Five films later, Jackie Brown still occupies a unique place in the Quentin Tarantino oeuvre. Despite its Blaxploitation homages, it’s still his most recent film that can’t be qualified as exploitation, and it is his only feature aside from Reservoir Dogs in which the story feels not like an after-thought but as an irreplaceable part of the film. Here, neither character complexity nor story is put on the backburner in favor of glorified violence, the “cool” image, or an abundance of cinematic references. It’s hard to believe, as Blaxploitation icon Pam Grier stars as the titular character and Samuel L. Jackson plays a character even more cold-blooded and filthy than Pulp Fiction’s Jules, but Jackie Brown is a Tarantino film for people who don’t like Tarantino films, and yet it could not have been made by anyone else.
Based on Elmore Leonard’s novel Rum Punch, Jackie Brown is, foundationally, a twist on the heist film. Jackie works as an airline stewardess who earns most of her money because frequent flights between Los Angeles and Mexico make her the perfect money to smuggle money for Ordell Robbie (Samuel L. Jackson), a ruthless gun-dealer with killer instincts and lots of connections. Following a display of both, Jackie finds herself in trouble with the ATF for smuggling (and a drug charge she never could have expected) money, and Ordell already hot on her trail. But Jackie is the cleverest of everyone, and she concocts a scheme that will, hopefully, find her rich, out of trouble, and at no one’s mercy.
The heist is a great pleasure to watch unfold, as these characters are all smart enough to expect everyone else to be smart enough to screw them over, and they take a great number of precautions to try to prevent that. It’s never easy to tell who is on top. In order for us to see this, the story needs to unfold from many different points of view, and it does, but each one gives us a new piece of information both about the plot and about our characters, so pacing never becomes an issue. There is one major exception: We watch the key moment in the big plan unfold multiple times, each time from a different point of view, but the key pieces of information could just as easily have been conveyed in one take, cutting to different characters in different places. Similarly, a split-screen is employed just once earlier in the film to provide complementary pieces of information without extending time, and the same thing could easily have been done here; instead, we get the feeling that our hand is being held, as if we should get to see exactly where things go wrong, for whom, because of whom, in a film that has thus far prided itself on its intelligence. When the scene finally ends, things pick up once again, but it’s a useless padding of length, mostly in favor of black comedy, that adds nothing to our understanding of character or theme.
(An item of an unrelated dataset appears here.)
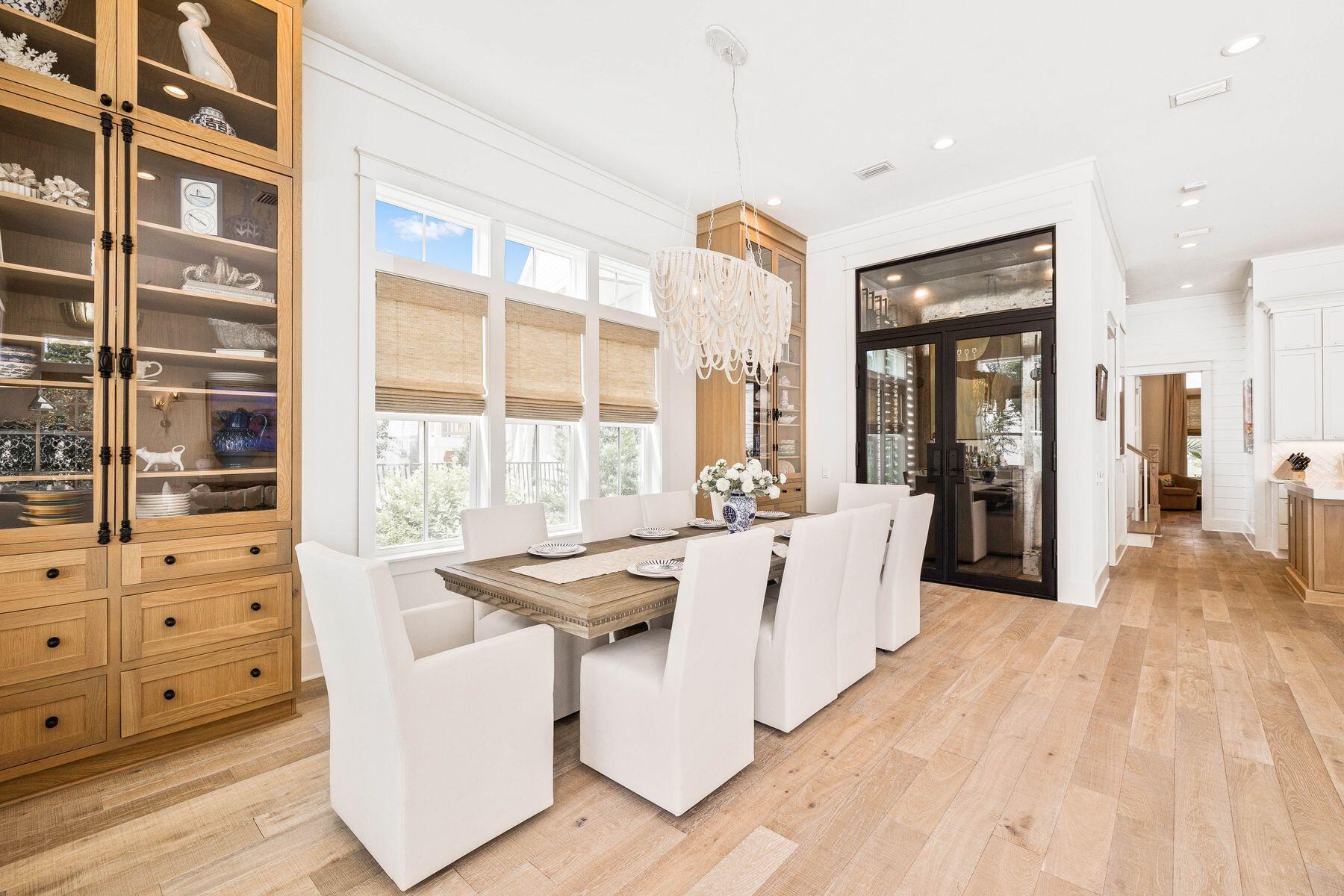 447 E Pollard Cove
Even more than the heist, however, Jackie Brown offers a lot to extract about aging. Jackie is a 44 year old ex-convict making very little money and retirement benefits, and Max Cherry (Robert Forster), the bondsman that ties the story together and also provides its emotional core, is in his 50s with retirement on his mind. Even Ordell wants his $500,000 mostly so he can quit selling dealing altogether. Both Forster and Grier were far removed from lead performances when they did Jackie Brown, and the level of anxiety that was likely felt during production and the importance that they took on after the film’s success can be felt. These feel like two humans trying to make ends meet amidst a chaotic and unpredictable stretch of life.It’s this closeness to reality that separates Jackie Brown from other Tarantino films and even from so many other heist films; it’s a film about adults. Adults whom, despite run-ins with the law, have genuine motivation and have thoughts within the real world where so many of Tarantino’s other characters are overgrown children living firmly in the moment. Jackie Brown takes place firmly within the real world, and like the real world, it keeps expanding and contracting as characters have their freedom constricted and expanded. Characters mentioned early on become important later on or vice-versa, and while pop-culture conversation is minimized, less pertinent dialogue reveals divides along class lines and racial lines. These are not the foreground of Jackie Brown, but they underscore it, just like they underscore our world. They bring the film to life and inflict actions with greater purpose and makes things like the music we listen to extremely revealing about our characters. Only the ending, in which character is broken in order to provoke a pre-determined reaction, threatens to break the genuineness that runs through the film.
Unfortunately, Tarantino’s visuals are more hit-and-miss here. There are a number of impressive tracking shots in Ordell’s primary residence, and the first mall scene is so impressively directed that it makes us question everything we think we are learning from it. We get to see things simultaneously from the point of view of the involved characters and the characters watching, and it forces us to constantly question our certainty, making us an unwitting participant in the game that the character’s play. On the other hand, a later trip through the mall, done in one long take, fails to convey much and feels overdone more than anything else. The film is full of less extreme highs-and-lows, never daring enough to fully achieve either again, but a heavy-reliance on dialogue and humor largely masks a lack of visual flair. Still, this is a departure from the over-stylized, a welcome change of pace that is nonetheless one of the director’s most exciting adventures.